**EXERCISE INSTRUCTIONS**.
Set down word for word each line from the one containing "3.10WHOWAD2019_infographic_1200x675_ZH" through the end of the records, both included. Do not copy any pictures.

**RECORDS FOR THE TASK**.

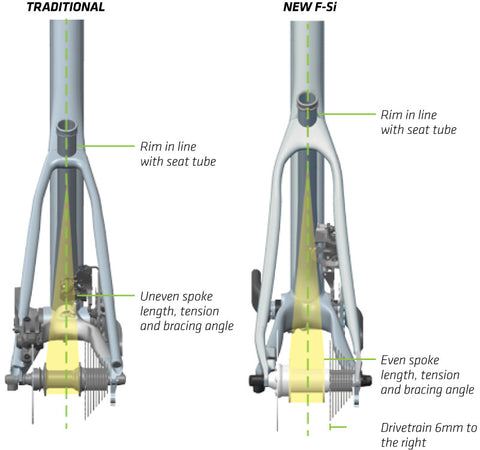 Cannondale Ai Asymmetric System - detailed explanation by XLR8 Performance Bicycle Wheels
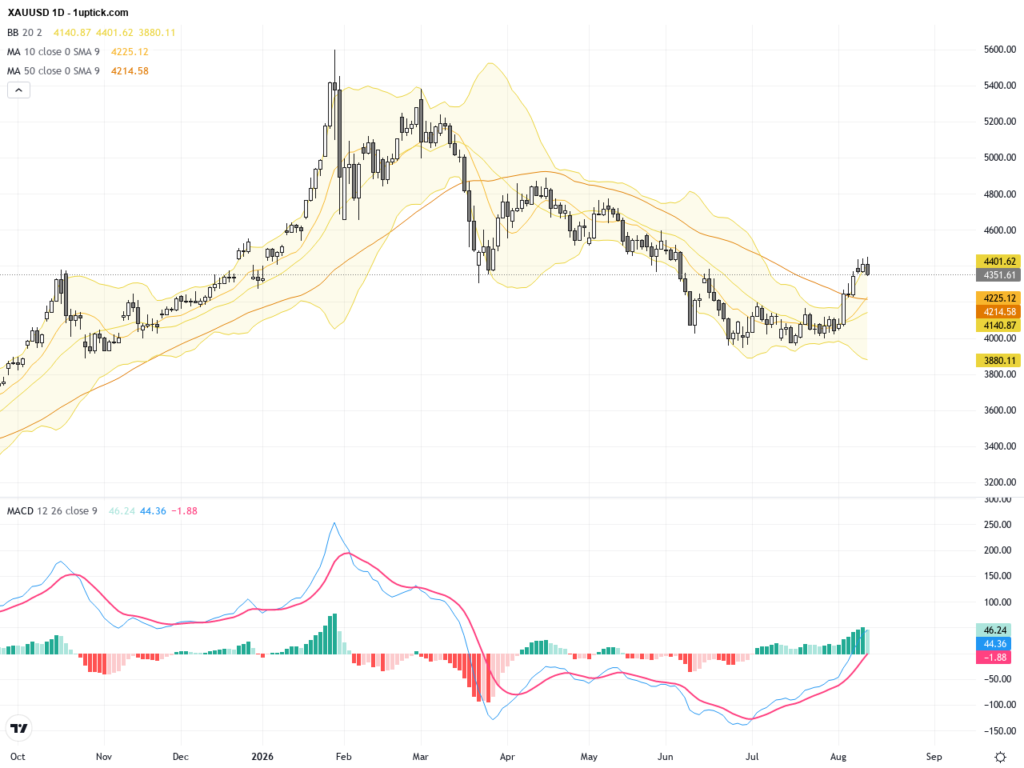 XAUUSD Technical & Fundamental Analysis: Gold Faces Profit Taking Near $4,300 Support, August 14, 2026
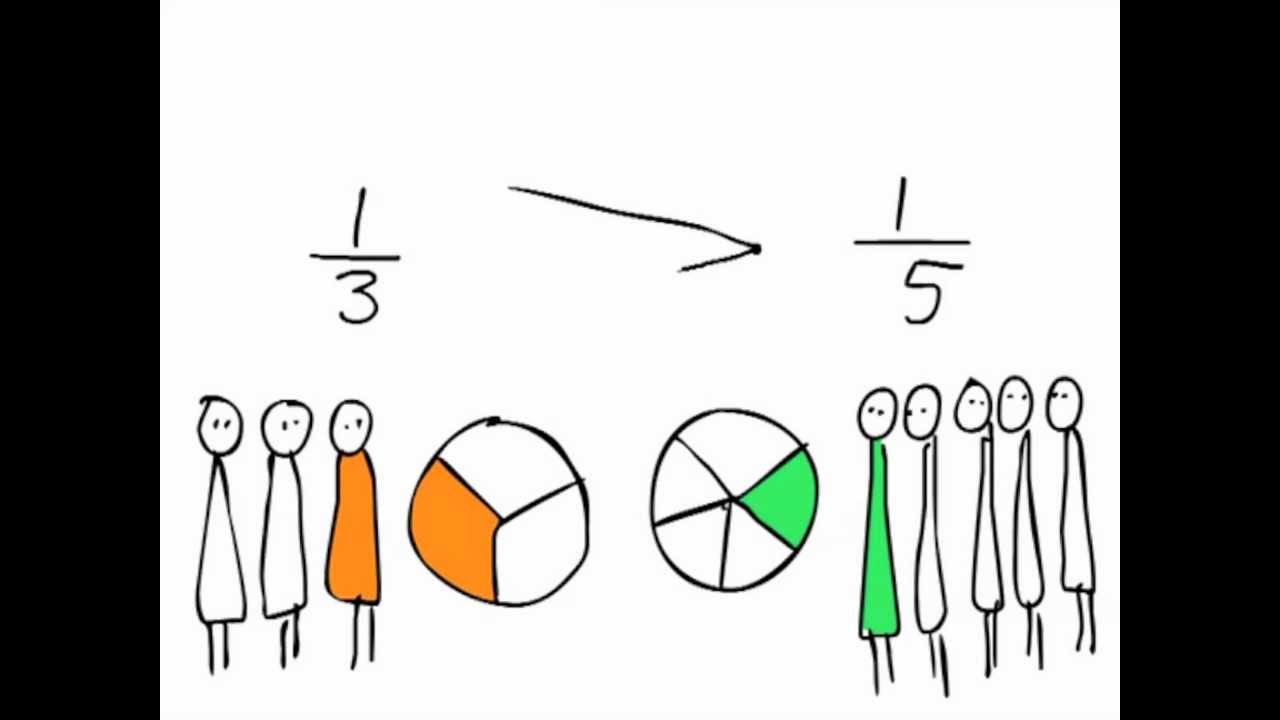 SGR rekenen met breuken 12 - Welke breuk is groter: 1/3 of 1/5?
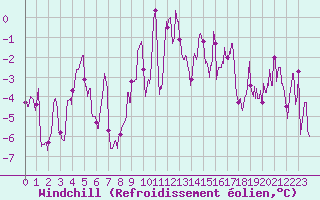 Courbe du refroidissement olien pour Saint-Etienne (42)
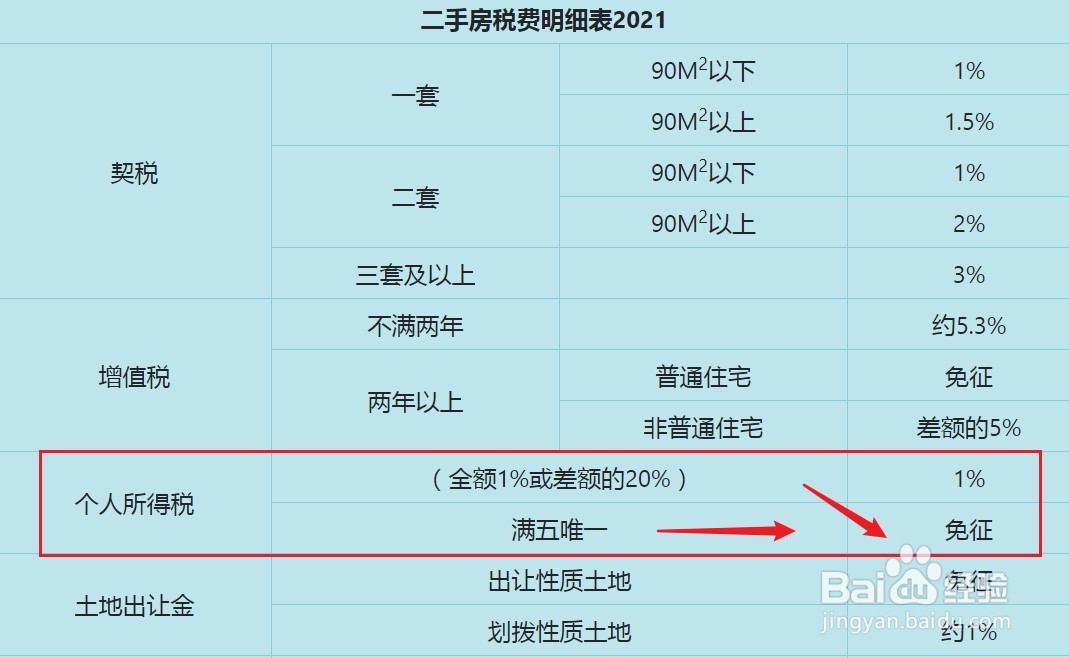 2021年卖房个人所得税怎么算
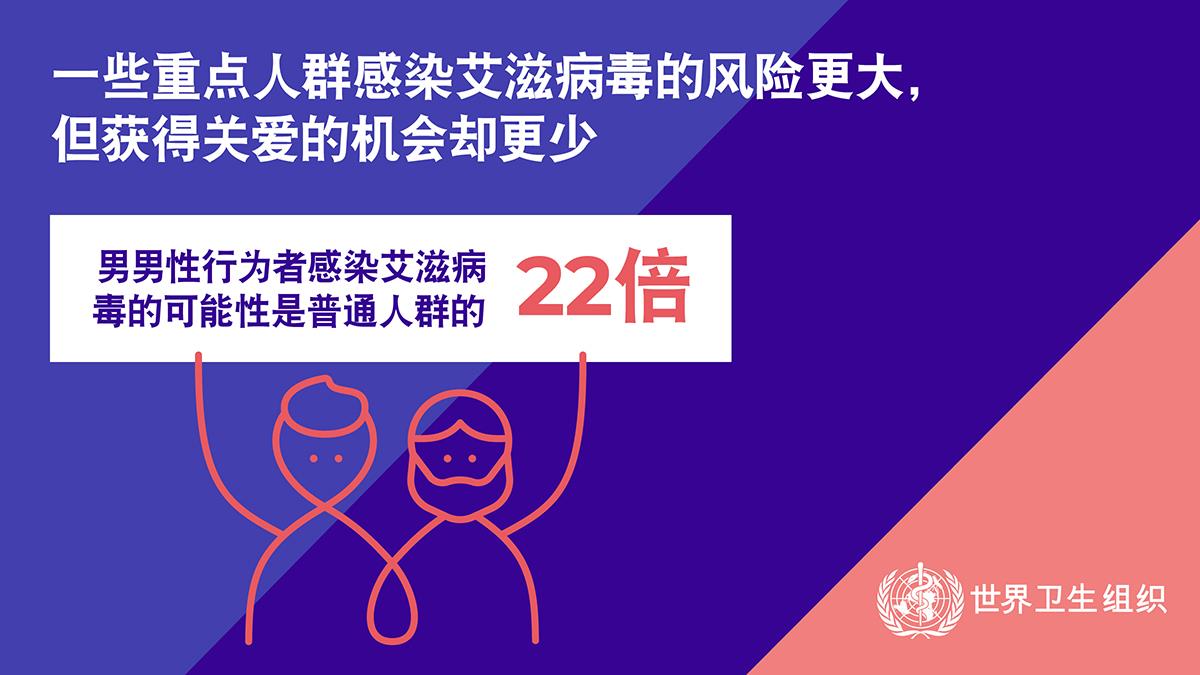 3.10WHOWAD2019_infographic_1200x675_ZH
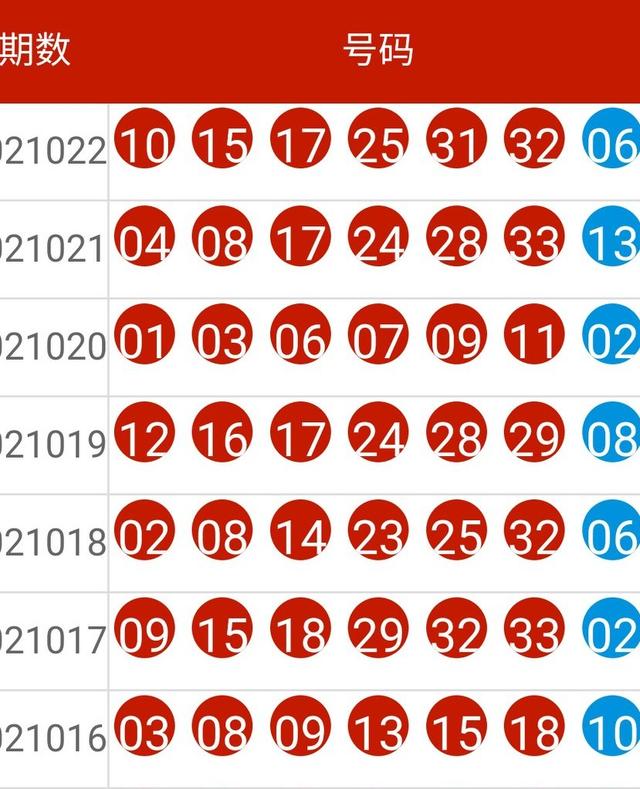 新澳今晚开什么特马仙传,路径方案落地实践_锦程版10.28.45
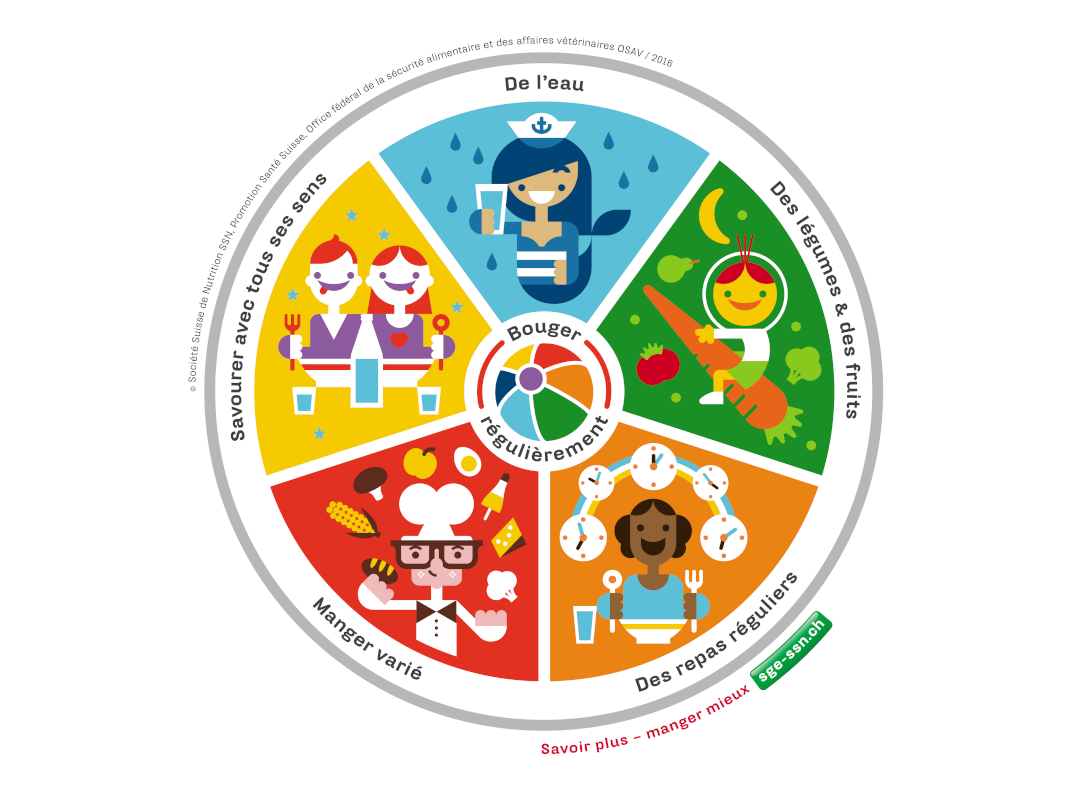 Ernährungsscheibe französisch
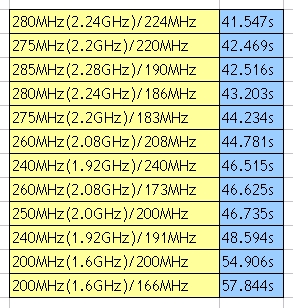 AMDzen处理器内存挑选大揭秘，你的性能提升方案来了  第1张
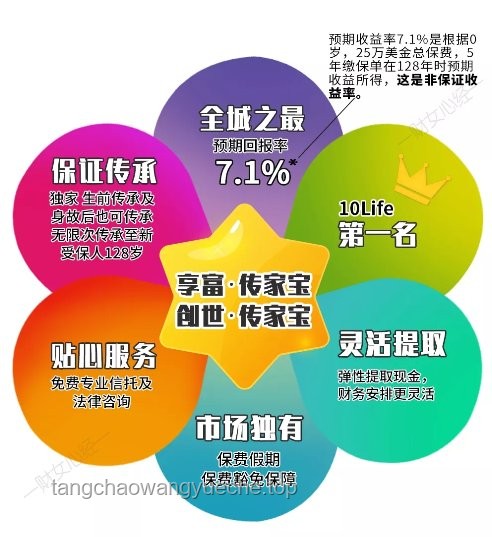 高考后暑假打工趨勢：探索與抉擇的新篇章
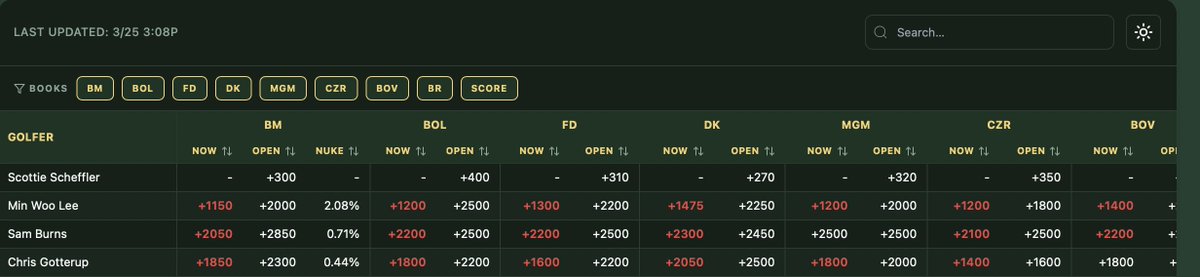 Andy Lack tweet media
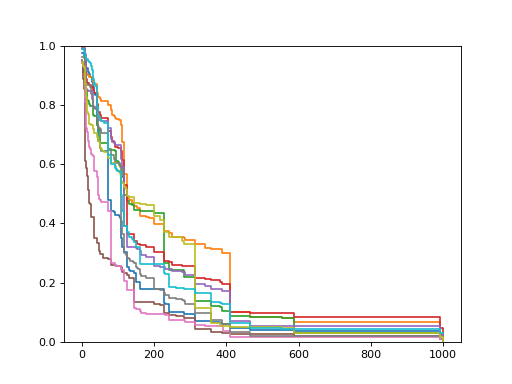 ../../_images/sksurv-ensemble-RandomSurvivalForest-2.png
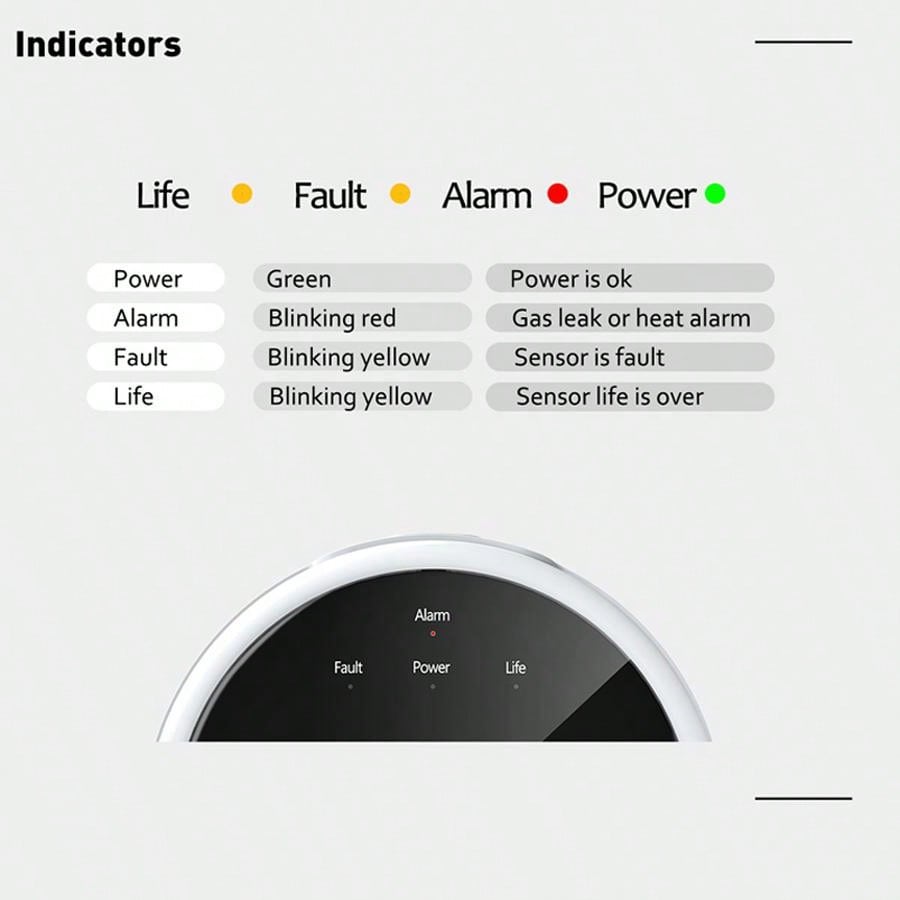 2.4G WiFi Gas Alarm Sensor Com - Smart Home Ecosystems recension och pris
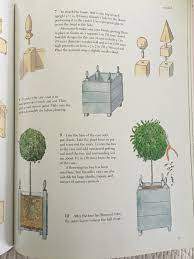Versailles planter are scientifically designed to ensure the best breathability and watering mechanisms to ensure that your lovely plants and flowers keep flourishing. Content In A Cottage Diy Versailles Case Planter Box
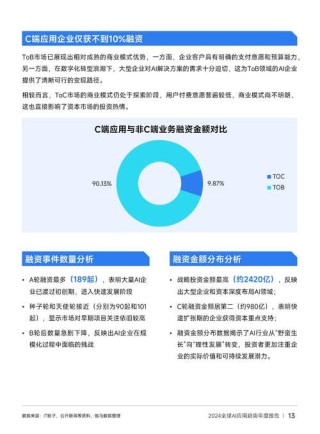 数据采集在AI行业的应用、优势及未来发展趋势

**WRITTEN RESPONSE**.
 3.10WHOWAD2019_infographic_1200x675_ZH
 新澳今晚开什么特马仙传,路径方案落地实践_锦程版10.28.45
 Ernährungsscheibe französisch
 AMDzen处理器内存挑选大揭秘，你的性能提升方案来了  第1张
 高考后暑假打工趨勢：探索與抉擇的新篇章
 Andy Lack tweet media
 ../../_images/sksurv-ensemble-RandomSurvivalForest-2.png
 2.4G WiFi Gas Alarm Sensor Com - Smart Home Ecosystems recension och pris
Versailles planter are scientifically designed to ensure the best breathability and watering mechanisms to ensure that your lovely plants and flowers keep flourishing. Content In A Cottage Diy Versailles Case Planter Box
 数据采集在AI行业的应用、优势及未来发展趋势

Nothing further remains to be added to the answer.